Les pertes sont aussi spectaculaires que le succès de ChatGPT. Et soulignent le difficile modèle économique de l’intelligence artificielle générative, plombée par les coûts de développement et de fonctionnement des modèles. Selon des documents consultés par le New York Times, OpenAI s’attend en effet à perdre cinq milliards de dollars cette année. Le pionnier du secteur va pourtant enregistrer une forte croissance de son chiffre d’affaires, qui devrait atteindre 3,7 milliards. Mais ses dépenses se sont aussi envolées. Ce déficit abyssal, qui n’inclut même pas les coûts liés à la rémunération en actions des employés, pourrait expliquer la volonté de mener une nouvelle levée de fonds, d’un montant attendu de 6,5 milliards de dollars. Celle-ci devrait être bouclée cette semaine, sur la base d’une valorisation de 150 milliards.
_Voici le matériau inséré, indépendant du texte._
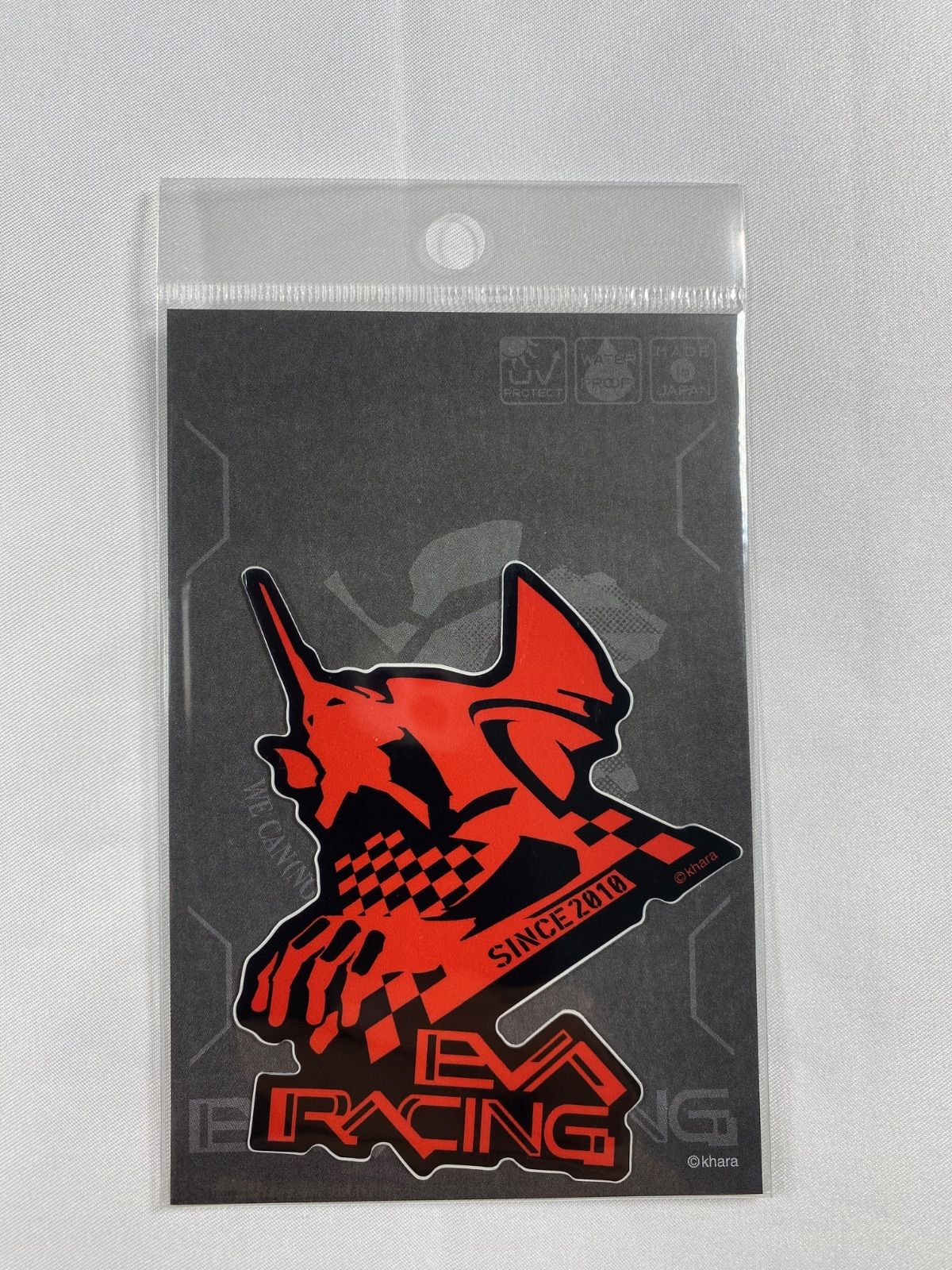 月一エヴァ ステッカー エヴァンゲリオンレーシング EVA Racing EVARACING 初号機 赤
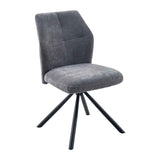 Fabric Dining Chairs 49cm Wide in Set Of 2 - Caen
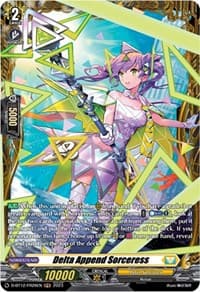 Delta Append Sorceress (FR) - D-BT12: Evenfall Onslaught - Cardfight Vanguard card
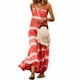 thumbnail image 2 of Vestido largo con cuello en V, ropa de verano, vestido suelto sin mangas a rayas, naranja, XXL Advancent AP001806-10, 2 of 5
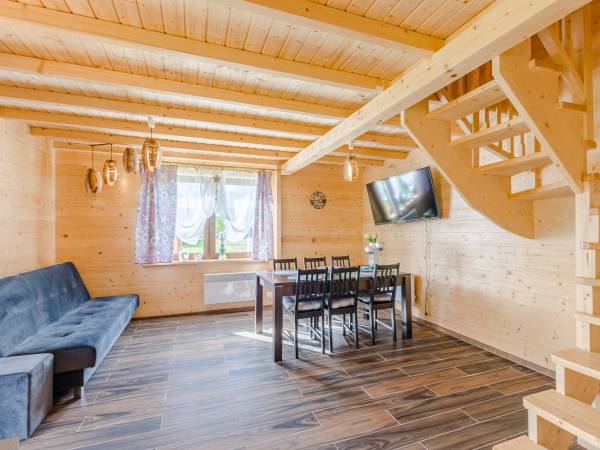 Domki nad jeziorem Ołów z własnym stawem 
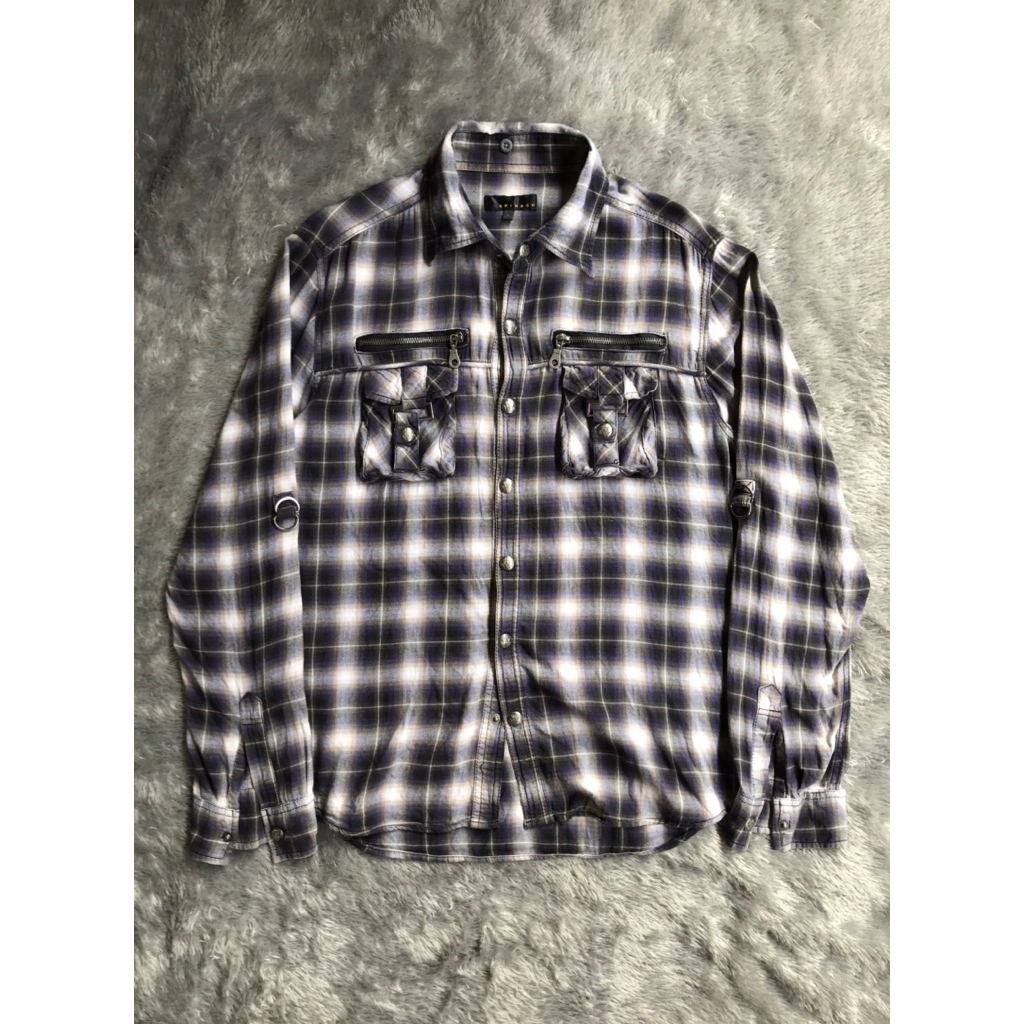Western Modern Flannel Shirt Spinash Tag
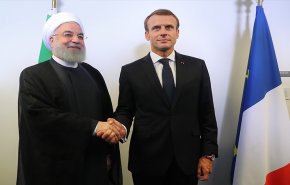 تأكيد روحاني وماكرون على صون الاتفاق النووي 
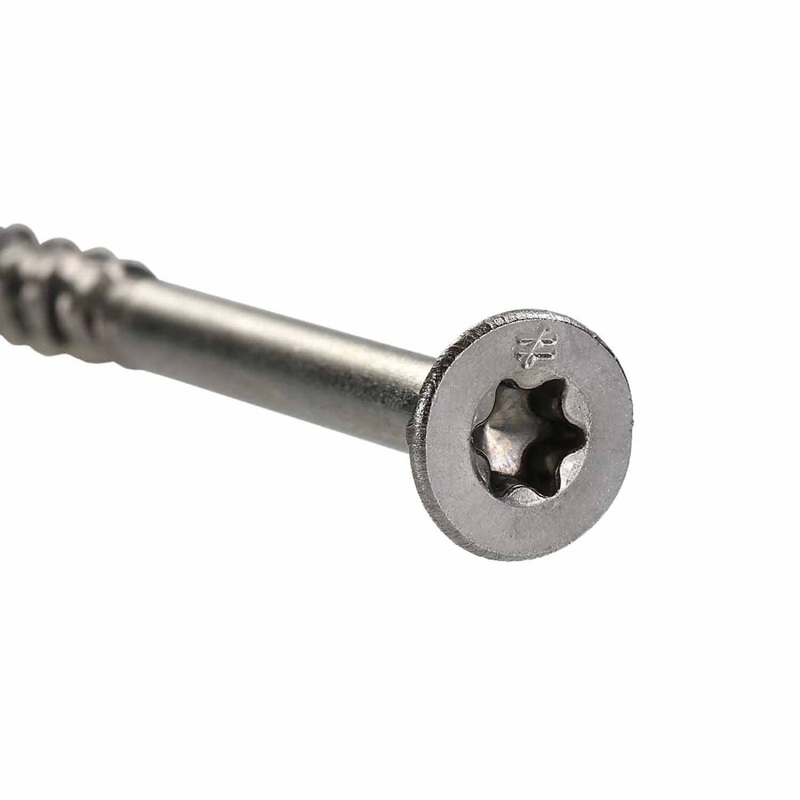 Simpson Strong-Tie S07200WPP (#7 x 2) T-15 Trim Head Wood Screw – Type 305 Stainless Steel (350 Pack)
7 milliards pour Microsoft – Les derniers modèles d’IA générative nécessitent une importante puissance informatique, qu’OpenAI va chercher auprès d’Azure, la plateforme de cloud de Microsoft, son principal actionnaire et soutien financier. D’abord, pour leur phase d’entraînement qui s’effectue, pendant plusieurs mois, à l’aide de supercalculateurs équipés de centaines ou de milliers de cartes graphiques. Et ensuite, pour l’inférence: leur exécution pour créer des textes, des images ou des voix. La facture peut alors grimper rapidement à mesure que les services gagnent en popularité. Avec 350 millions d’utilisateurs actifs par mois, ChatGPT représente ainsi des dépenses astronomiques pour OpenAI. Malgré des tarifs préférentiels négociés avec Microsoft, la start-up devrait ainsi lui verser sept milliards de dollars en 2024.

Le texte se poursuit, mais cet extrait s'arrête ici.